MATERIAL FOR THIS TASK:
=== Begin Enclosure ===
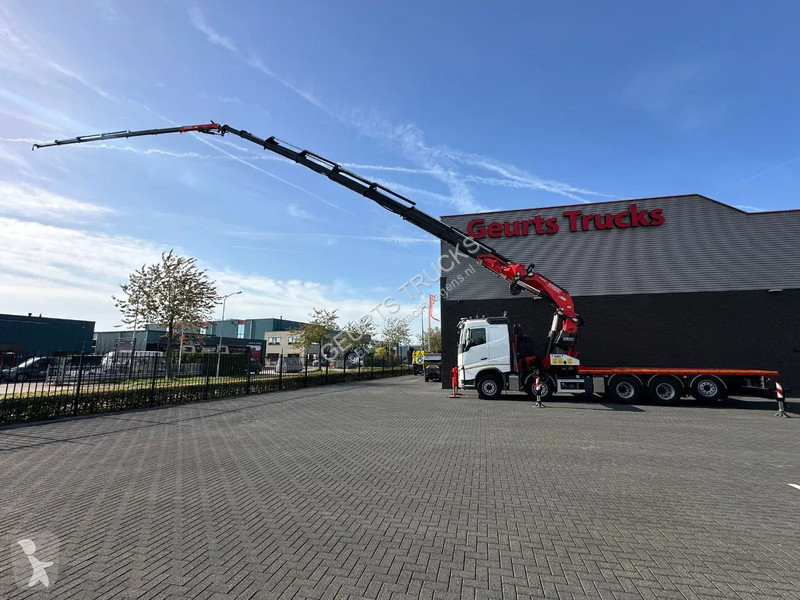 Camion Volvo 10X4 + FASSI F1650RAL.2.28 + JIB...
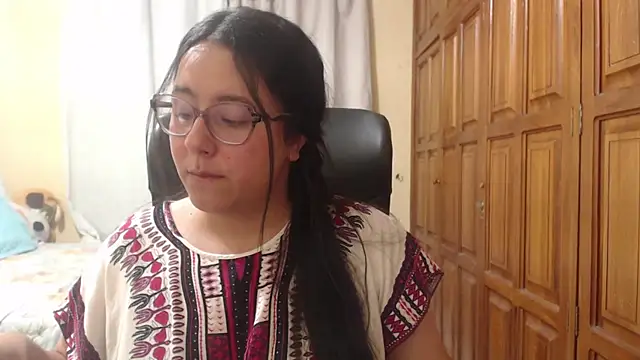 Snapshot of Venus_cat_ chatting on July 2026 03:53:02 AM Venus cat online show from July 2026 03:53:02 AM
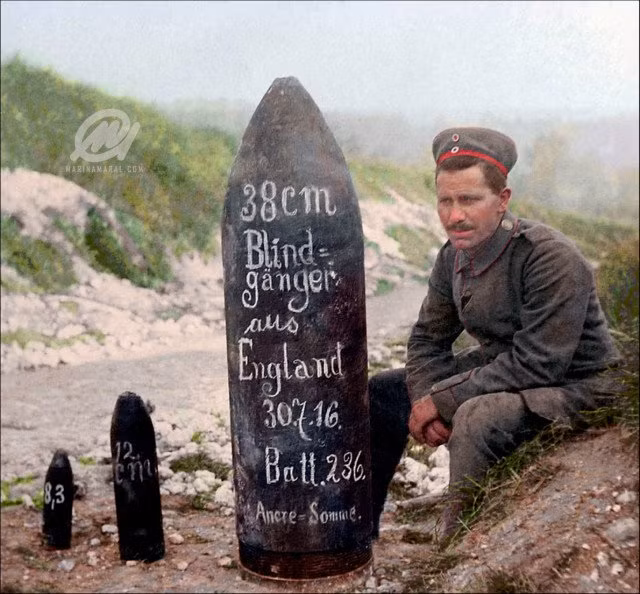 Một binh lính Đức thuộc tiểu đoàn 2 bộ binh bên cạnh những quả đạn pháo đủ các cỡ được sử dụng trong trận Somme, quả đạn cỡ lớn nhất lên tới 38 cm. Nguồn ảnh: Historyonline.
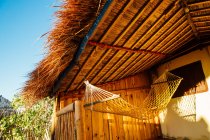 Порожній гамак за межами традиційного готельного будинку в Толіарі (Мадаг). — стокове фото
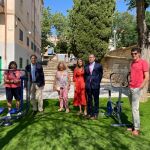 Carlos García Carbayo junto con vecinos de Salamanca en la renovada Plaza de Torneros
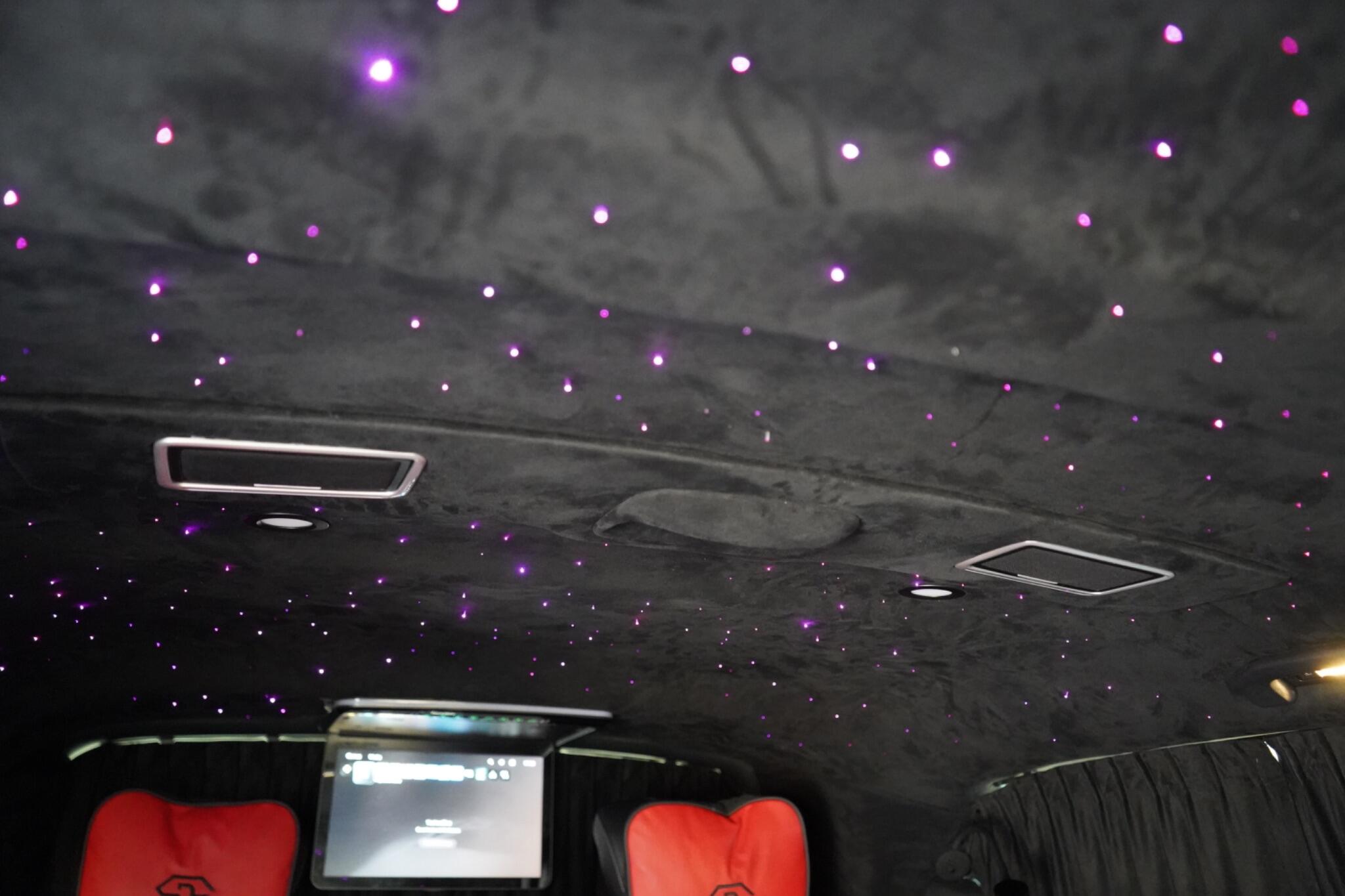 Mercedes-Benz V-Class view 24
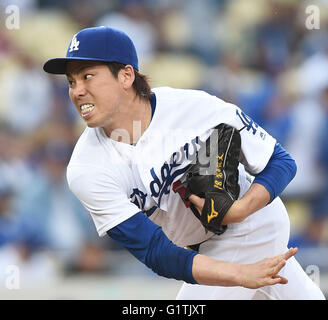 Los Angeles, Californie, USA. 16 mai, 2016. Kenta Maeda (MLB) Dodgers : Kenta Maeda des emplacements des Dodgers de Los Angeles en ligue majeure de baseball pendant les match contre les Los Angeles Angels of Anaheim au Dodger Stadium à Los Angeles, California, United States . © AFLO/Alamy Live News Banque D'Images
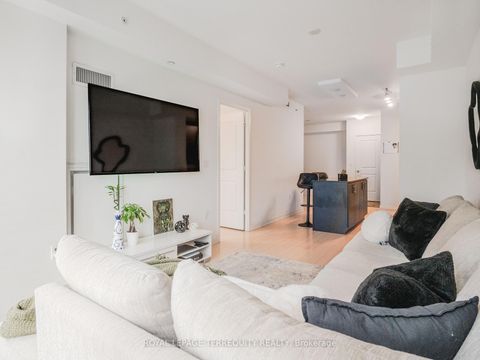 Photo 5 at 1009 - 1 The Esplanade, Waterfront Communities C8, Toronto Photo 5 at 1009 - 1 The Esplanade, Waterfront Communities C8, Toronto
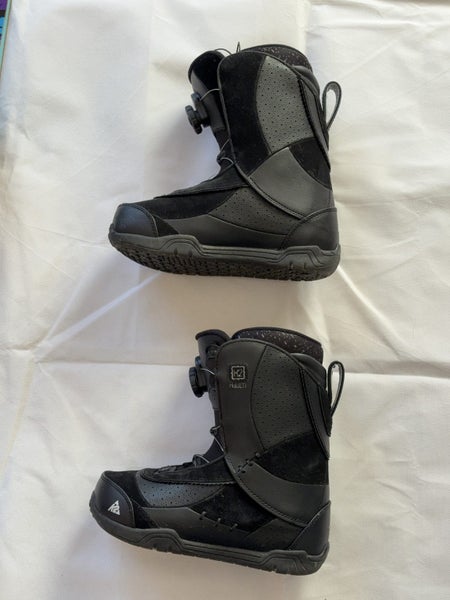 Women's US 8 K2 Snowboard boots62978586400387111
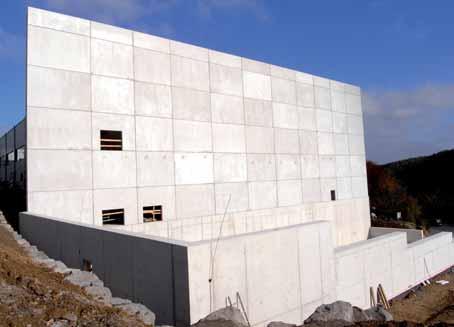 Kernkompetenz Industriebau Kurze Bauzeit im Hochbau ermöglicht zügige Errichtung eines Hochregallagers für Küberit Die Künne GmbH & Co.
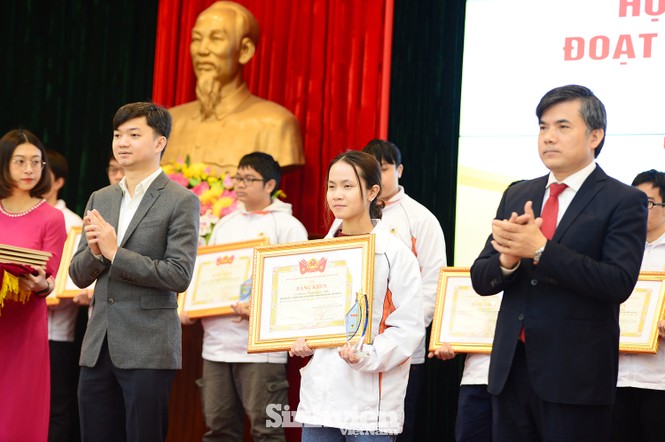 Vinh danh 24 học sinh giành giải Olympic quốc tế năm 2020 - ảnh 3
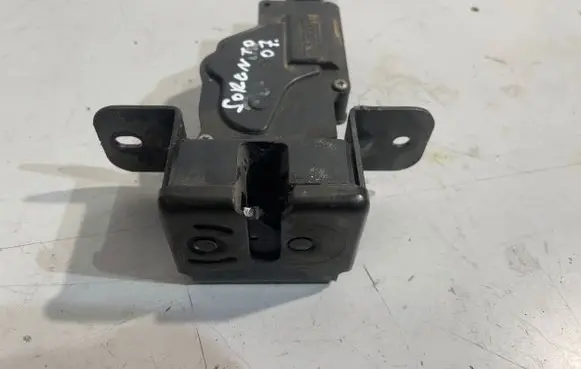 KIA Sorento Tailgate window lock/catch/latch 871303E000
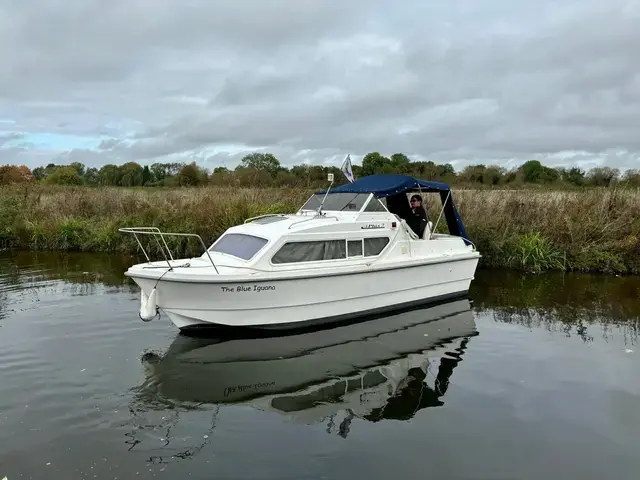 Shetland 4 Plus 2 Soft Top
=== End Enclosure ===
=== Begin Enclosure ===
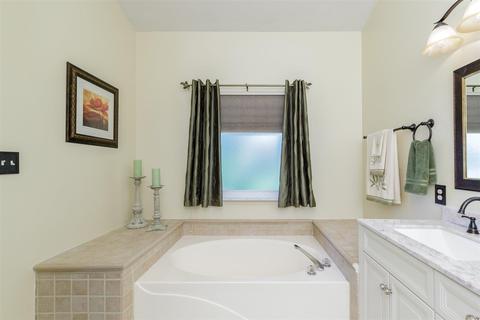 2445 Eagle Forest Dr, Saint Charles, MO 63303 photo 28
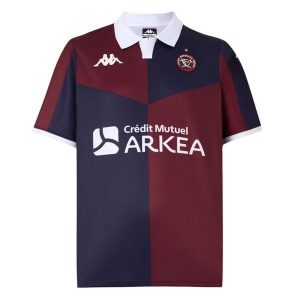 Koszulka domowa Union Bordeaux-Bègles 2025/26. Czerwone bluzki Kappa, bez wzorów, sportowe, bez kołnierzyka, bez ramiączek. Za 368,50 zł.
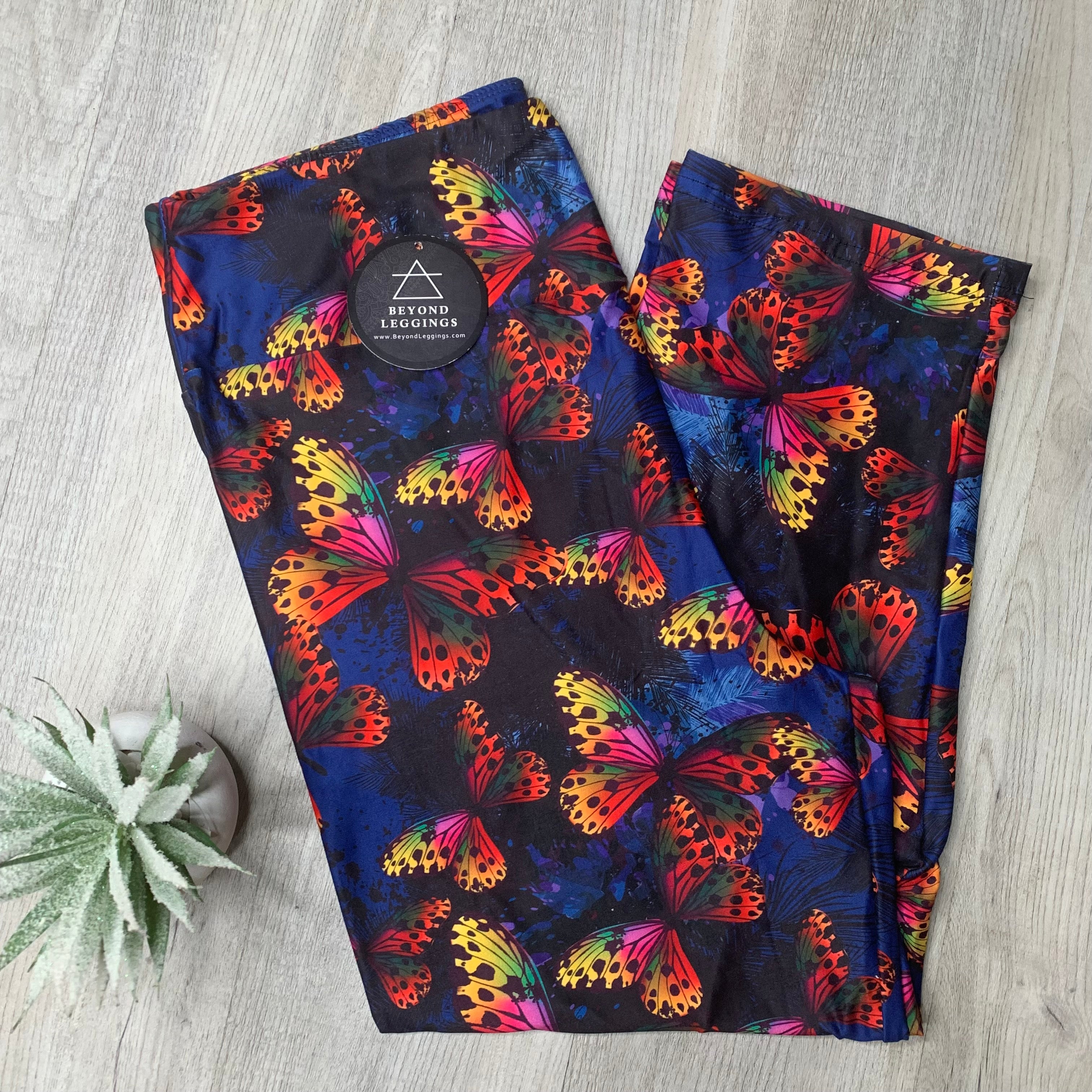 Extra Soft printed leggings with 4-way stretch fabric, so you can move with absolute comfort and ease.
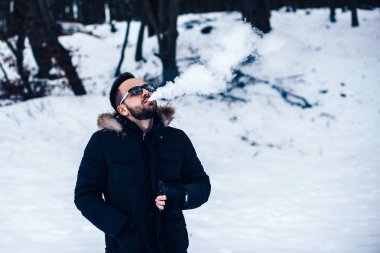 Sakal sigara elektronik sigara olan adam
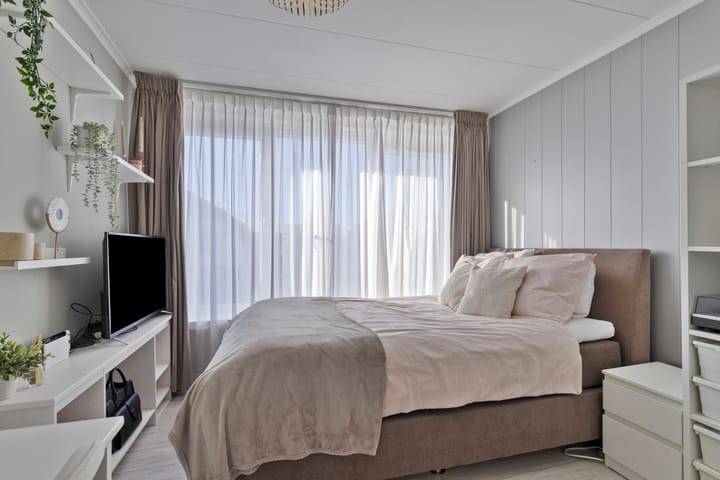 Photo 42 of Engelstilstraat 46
=== End Enclosure ===
=== Begin Enclosure ===
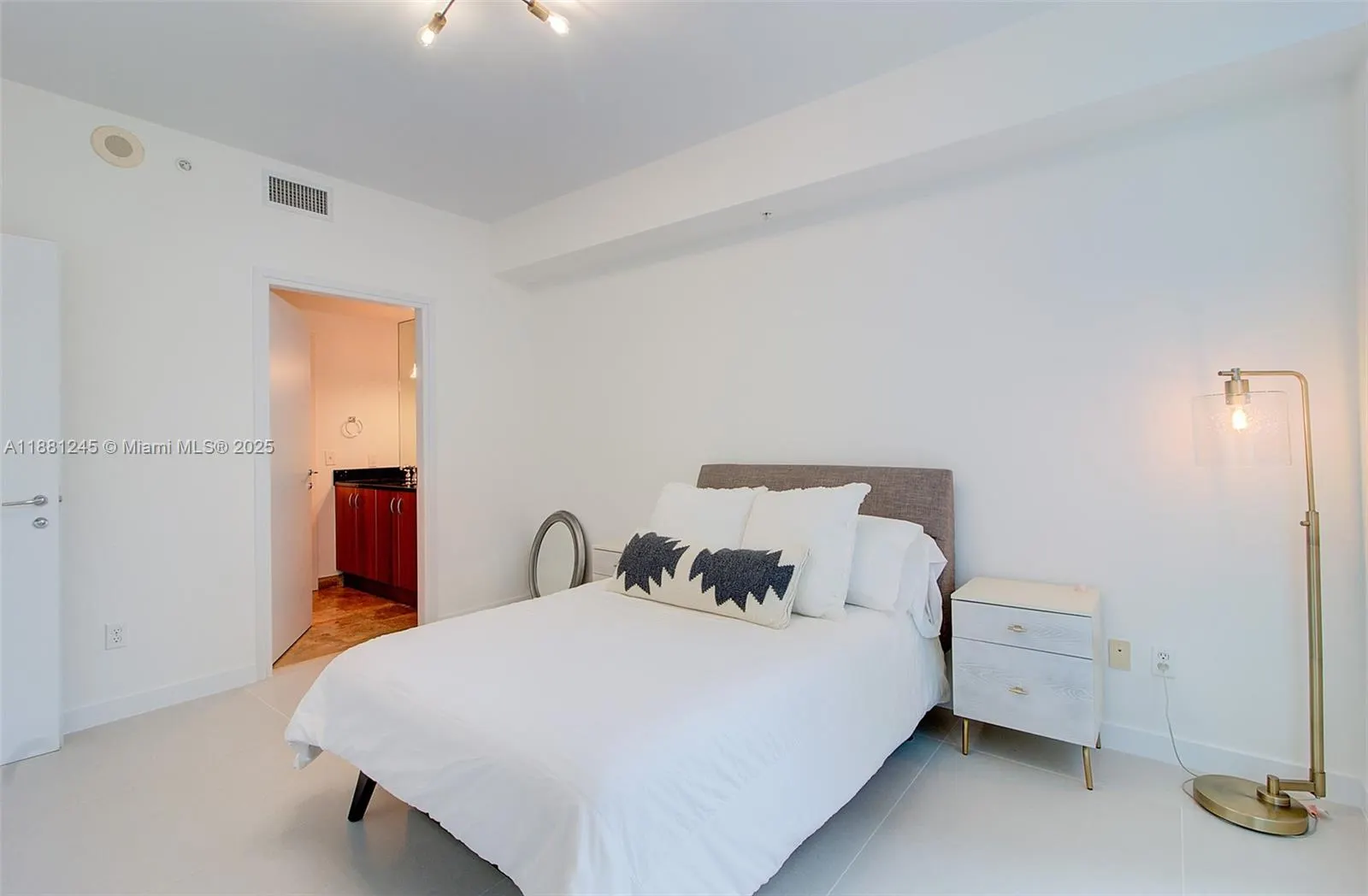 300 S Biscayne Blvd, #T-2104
=== End Enclosure ===
Copy the lines above between the one holding "C8, Toronto Photo" and the one holding "Shetland 4 Plus 2 Soft Top", inclusive. Drop the pictures.

EXERCISE OUTPUT:
 Photo 5 at 1009 - 1 The Esplanade, Waterfront Communities C8, Toronto Photo 5 at 1009 - 1 The Esplanade, Waterfront Communities C8, Toronto
 Women's US 8 K2 Snowboard boots62978586400387111
 Kernkompetenz Industriebau Kurze Bauzeit im Hochbau ermöglicht zügige Errichtung eines Hochregallagers für Küberit Die Künne GmbH & Co.
 Vinh danh 24 học sinh giành giải Olympic quốc tế năm 2020 - ảnh 3
 KIA Sorento Tailgate window lock/catch/latch 871303E000
 Shetland 4 Plus 2 Soft Top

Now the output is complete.